This inspired me to co-lead a large team of scientists to figure out the
puzzle.
“Our study of this event amazingly highlights the
intricate interconnections between climate change in the atmosphere,
destabilisation of glacier ice in the cryosphere, movements of water bodies in
the hydrosphere, and Earth’s solid crust in the lithosphere.
“This is the
first time that water sloshing has been recorded as vibrations through the
Earth’s crust, travelling the world over and lasting several days.”
The mysterious seismic signal – coming from a
vibration through the Earth’s crust – was detected by seismometers all over the
globe, from the Arctic to Antarctica.

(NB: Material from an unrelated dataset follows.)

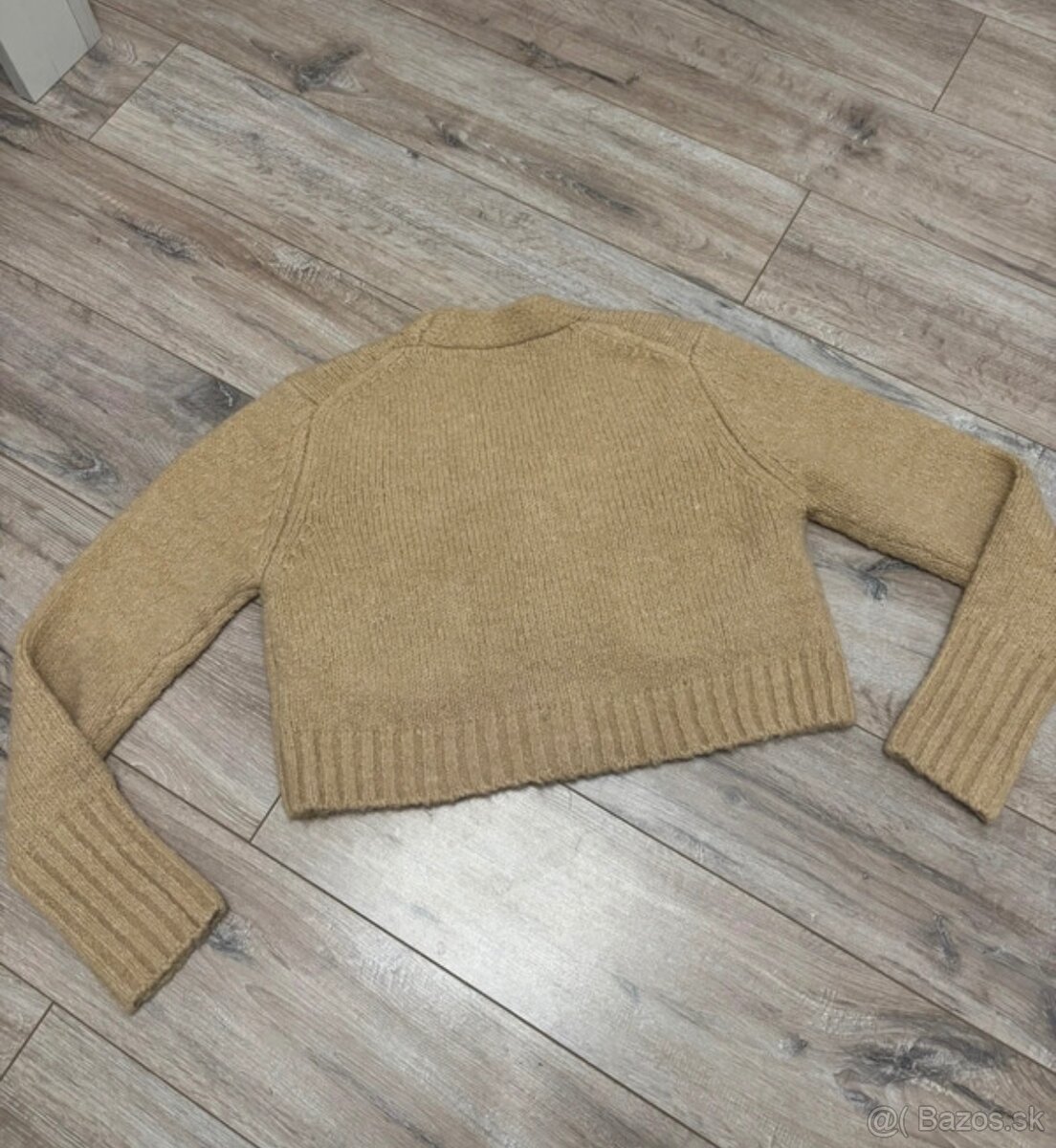 ZARA svetrik - 5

It looked completely different to
frequency-rich ‘rumbles’ and ‘pings’ from earthquake recordings, as it
contained only a single vibration frequency, like a monotonous-sounding hum.

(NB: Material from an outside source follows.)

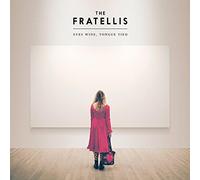 Fratellis,the - Eyes Wided, Tongue Tied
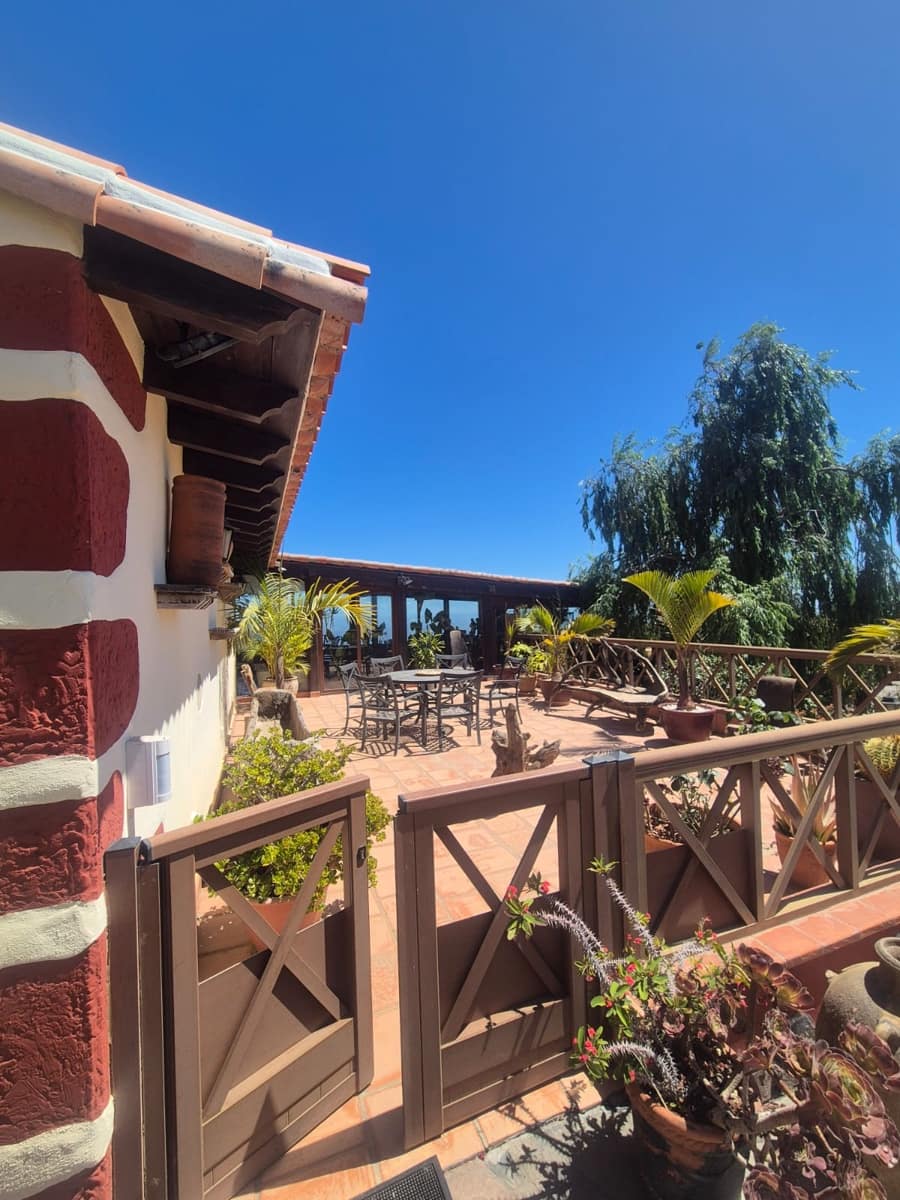 5 camera da letto Finca/Casa di Campagna in vendita in San Miguel de Abona con piscina garage - 3.700.000 € (Rif: 10031299)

When the study’s authors first discovered the signal,
they made a note of it as a “USO”: unidentified seismic object.
At the same time, news of a large tsunami in a remote
northeast Greenland fjord reached authorities and researchers working in the
area.
The researchers joined forces in a unique
multidisciplinary group involving 68 scientists from 40 institutions in 15
countries, combining seismometer and infrasound data, field measurements,
on-the-ground and satellite imagery, and simulations of tsunami waves.

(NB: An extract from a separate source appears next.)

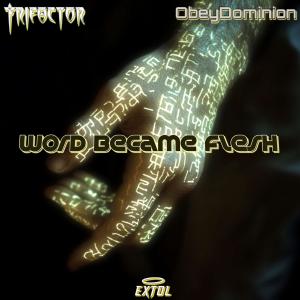 收聽ObeyDominion的Word Became Flesh歌詞歌曲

The team also used imagery captured by the Danish
military who sailed into the fjord just days after the event to inspect the
collapsed mountain-face and glacier front along with the dramatic scars left by
the tsunami.
Lead author Dr Kristian Svennevig, from the
Geological Survey of Denmark and Greenland (GEUS), said: “When we set out on
this scientific adventure, everybody was puzzled and no one had the faintest
idea what caused this signal. All we knew was that it was somehow associated with
the landslide. We only managed to solve this enigma through a huge
interdisciplinary and international effort.”
He added: “As a landslide scientist, an additional
interesting aspect of this study is that this is the first-ever landslide and
tsunami observed from eastern Greenland, showing how climate change already has
major impacts there.”
The team estimated that 25 million cubic metres of
rock and ice crashed into the fjord (enough to fill 10,000 Olympic-sized
swimming pools).
They confirmed the size of the tsunami, one of the
largest seen in recent history, using numerical simulations as well as local
data and imagery.
Seventy kilometres away from the landslide,
four-metre-high tsunami waves damaged a research base at Ella Ø (island) and
destroyed cultural and archaeological heritage sites across the fjord system.
The fjord is on a route commonly used by tourist cruise
ships visiting the Greenland fjords. Fortunately, no cruise ships were close to
Dickson Fjord on the day of the landslide and tsunami, but if they had been,
the consequences of a tsunami wave of that magnitude could have been
devastating.
Mathematical models recreating the width and depth of
the fjord at very high resolution demonstrated how the distinct rhythm of a
mass of water moving back and forth matched the seismic signal.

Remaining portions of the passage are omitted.